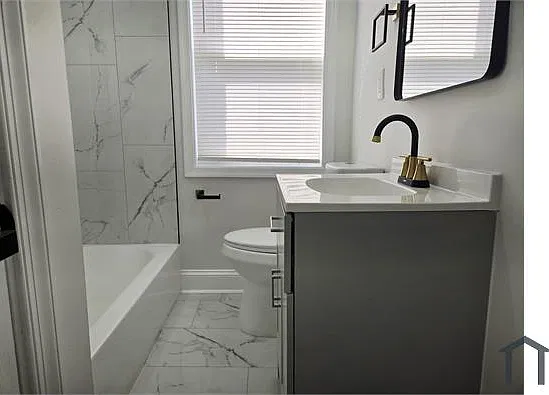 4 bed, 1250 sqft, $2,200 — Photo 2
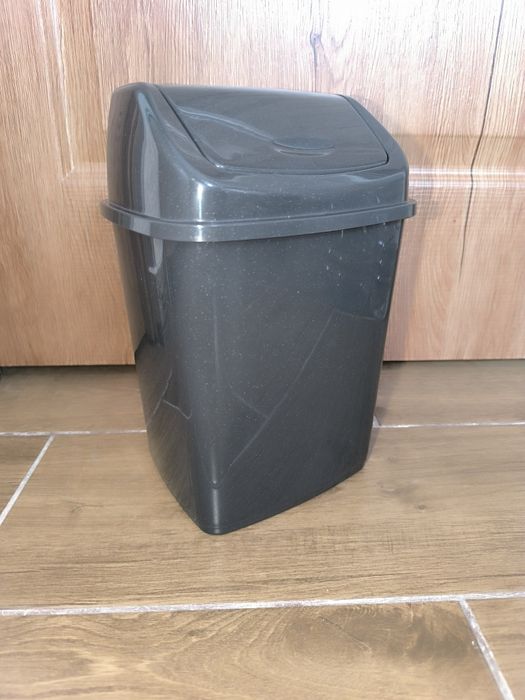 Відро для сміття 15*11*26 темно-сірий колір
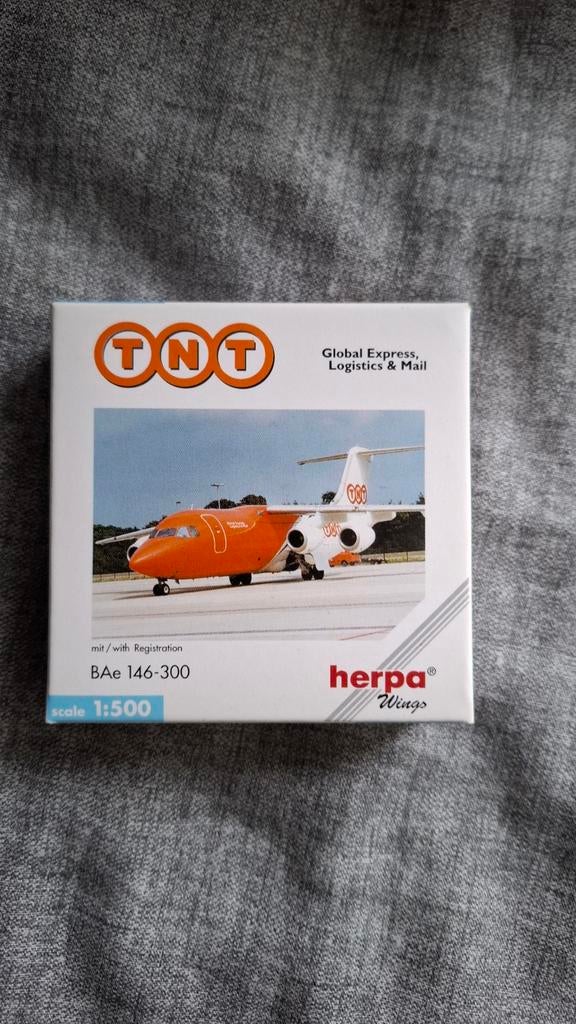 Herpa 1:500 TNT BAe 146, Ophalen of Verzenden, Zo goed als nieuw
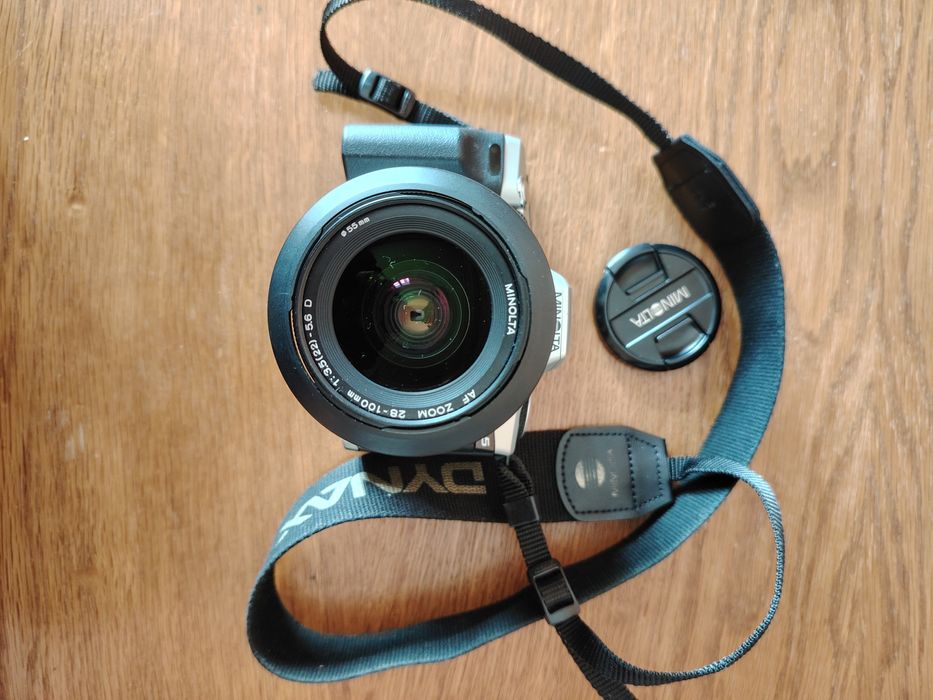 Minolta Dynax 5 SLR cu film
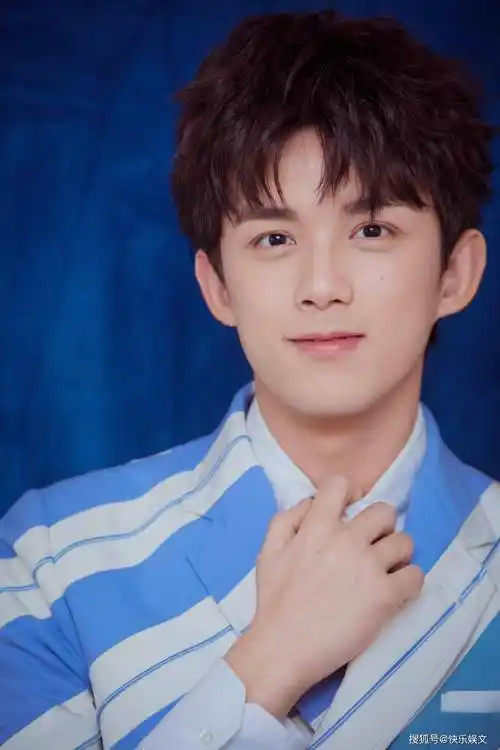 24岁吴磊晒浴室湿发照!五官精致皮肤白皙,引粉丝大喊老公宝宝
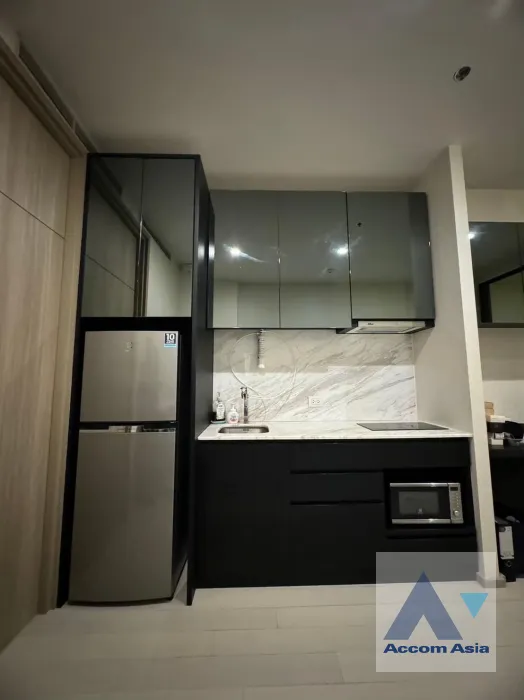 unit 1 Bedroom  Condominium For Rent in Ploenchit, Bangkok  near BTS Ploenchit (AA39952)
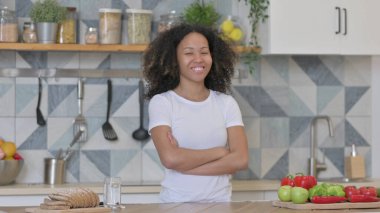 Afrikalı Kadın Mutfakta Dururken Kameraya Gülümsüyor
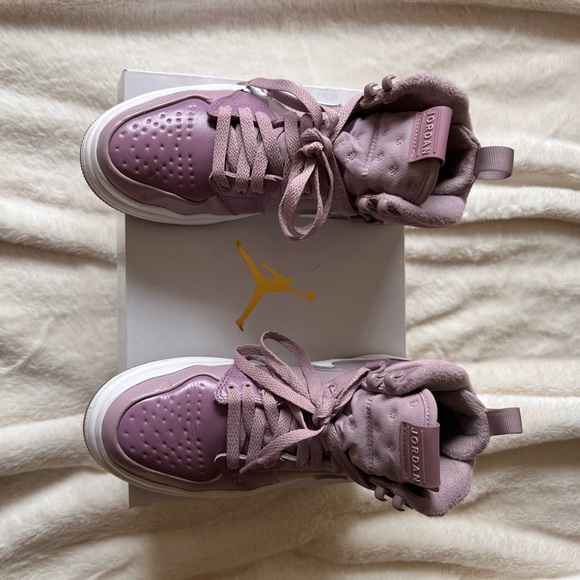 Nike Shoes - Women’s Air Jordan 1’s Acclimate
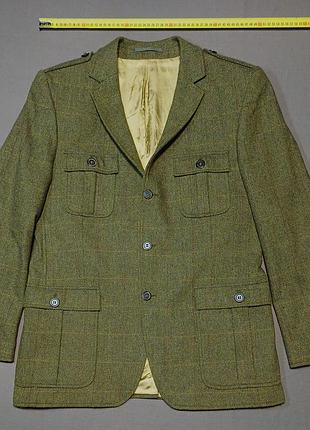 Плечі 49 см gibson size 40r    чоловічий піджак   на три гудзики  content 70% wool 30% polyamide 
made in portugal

───

◆ **WHAT TO PRODUCE**: Write out, word for word, the line containing "unit 1 Bedroom" and each line after it to the end of the data, and nothing more. Drop the pictures.

◆ **ANSWER FOR THE TASK**:
 unit 1 Bedroom  Condominium For Rent in Ploenchit, Bangkok  near BTS Ploenchit (AA39952)
 Afrikalı Kadın Mutfakta Dururken Kameraya Gülümsüyor
 Nike Shoes - Women’s Air Jordan 1’s Acclimate
 Плечі 49 см gibson size 40r    чоловічий піджак   на три гудзики  content 70% wool 30% polyamide 
made in portugal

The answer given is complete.